Desde mediados de mayo de aquel año, los que estaban atrapados en la ciudad de Querétaro, es decir, el ejército conservador, los adeptos a los franceses y los enemigos de Benito Juárez, ya no tenían cómo defenderse. Napoleón III había ordenado el retiro de las tropas francesas de México y enloquecido –por desoír sus súplicas– a la emperatriz Carlota; el antes esplendoroso ejército de ocho mil hombres estaba reducido a cinco mil. Corría el año de 1867.

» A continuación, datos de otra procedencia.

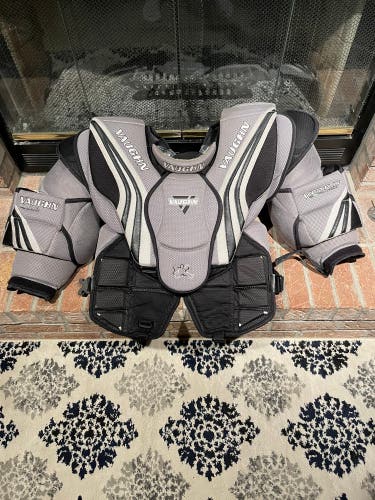 Used XL Vaughn  Ventus SLR Pro Goalie Chest Protector
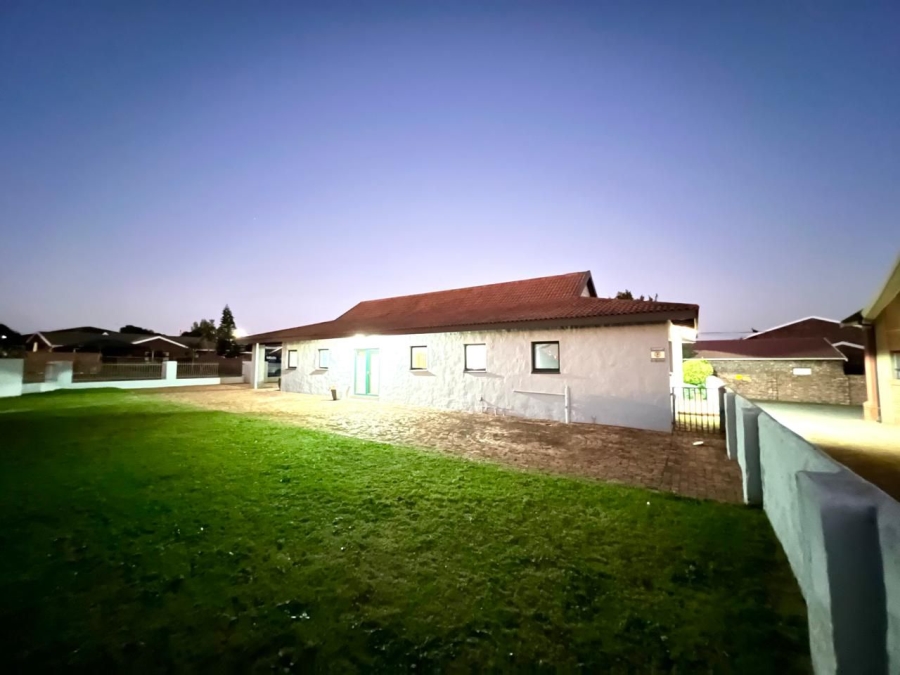 To Let 4 Bedroom Property for Rent in C Place Eastern Cape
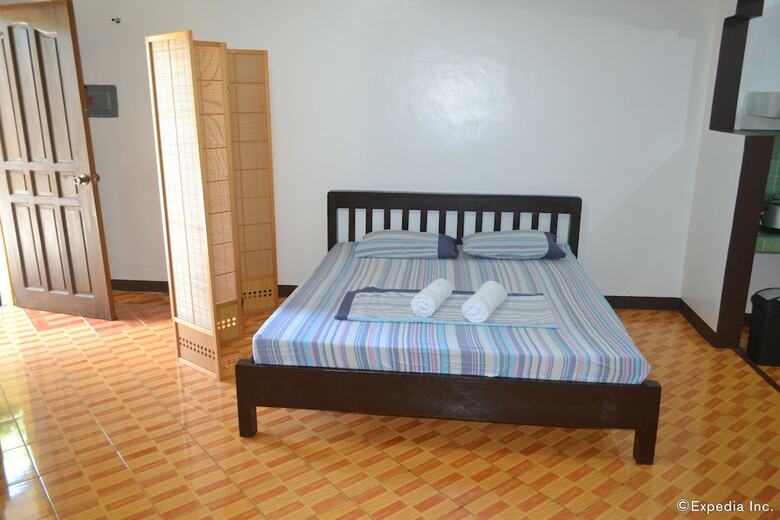 Hotel Antonio's Apartelle & Suites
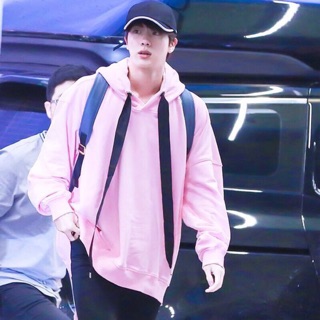 ÁO HOODIE JIN BTS Ở SÂN BAY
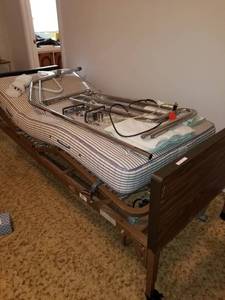 lot 111 image: Hospital Bed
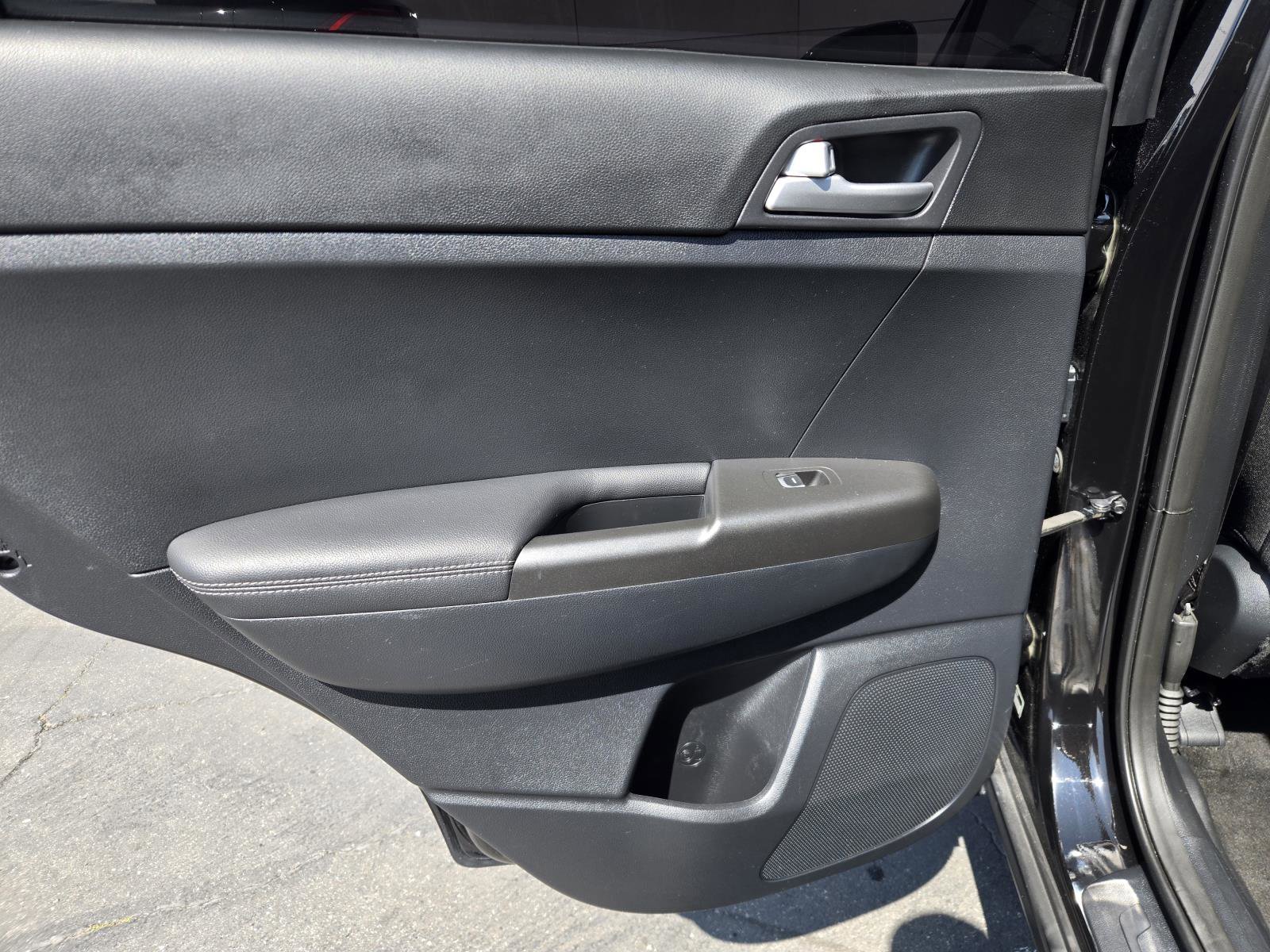 Used 2022 Kia Sportage LX w/ LX AWD Value Edition Package image 24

El panorama era desolador. En nombre del Imperio de Maximiliano I de México y por órdenes del general Márquez, se había extraído el salitre y carbonizado las maderas para elaborar pólvora; fundido las campanas para tener proyectiles de artillería, arrancado la techumbre del teatro para las balas de la artillería, construido cápsulas de papel y hasta se había pensado en sacrificar a los caballos para cocinar un buen asado. Hacía ya muchos días que no probaban aguardiente ni café. El emperador Maximiliano había pensado en hacer un ataque sorpresa que rompiera el sitio y abriera una brecha de salida. Algunos en buen francés y otros en pésimo español arengaban a las cansadas tropas diciendo que, contra aquel enemigo salvaje, sin fe y sin honor –los republicanos– habría que hacer cualquier sacrificio y salvar de la barbarie a los fieles al ejército imperial.

Sin embargo, ya nada resultaría: el coronel Méndez se sintió indispuesto y le pidió al emperador 24 horas para recuperarse. El general Miramón miró al cielo y no dijo nada, Mejía le pidió a Dios un día más de protección y Maximiliano no puso objeción a la demora. Pero la suerte estaba echada, lector querido.

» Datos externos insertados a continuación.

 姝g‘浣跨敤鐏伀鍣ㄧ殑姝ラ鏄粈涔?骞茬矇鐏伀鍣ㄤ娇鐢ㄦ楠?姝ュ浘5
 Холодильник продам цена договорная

Miguel López, muy apreciado soldado del imperio mientras le sirvió algo, al terminar la batalla fue despreciado por todos, acusado por los soldados de Miramón de haber vendido en 30 mil pesos el secreto de cómo tomar Querétaro, ocupar el convento de la Cruz y haber sido un traidor. Unos lo apoyaron, otros quisieron lincharlo y se armó una rebatinga; pero en realidad los adversarios de la República ya estaban muy pobres de municiones, privados de toda buena razón y bajísimos de azúcar.

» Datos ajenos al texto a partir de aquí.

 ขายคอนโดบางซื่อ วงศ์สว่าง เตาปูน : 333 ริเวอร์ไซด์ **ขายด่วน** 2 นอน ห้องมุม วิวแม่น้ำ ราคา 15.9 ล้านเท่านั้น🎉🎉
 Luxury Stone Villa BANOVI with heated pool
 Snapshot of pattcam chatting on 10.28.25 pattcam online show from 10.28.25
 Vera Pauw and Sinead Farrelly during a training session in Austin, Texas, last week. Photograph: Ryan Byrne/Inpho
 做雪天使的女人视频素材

Corrió la historia de que cuando Maximiliano se enteró –por voz de su secretario José Blasio– de que el Convento de la Cruz se hallaba en manos del enemigo, innegablemente confundido y candoroso, pidió su caballo, se armó de dos pistolas y se fue hacia el Cerro de las Campanas a ver si podía ayudar en algo a los muchachos. Pero de los muchachos, ya nada se podía esperar.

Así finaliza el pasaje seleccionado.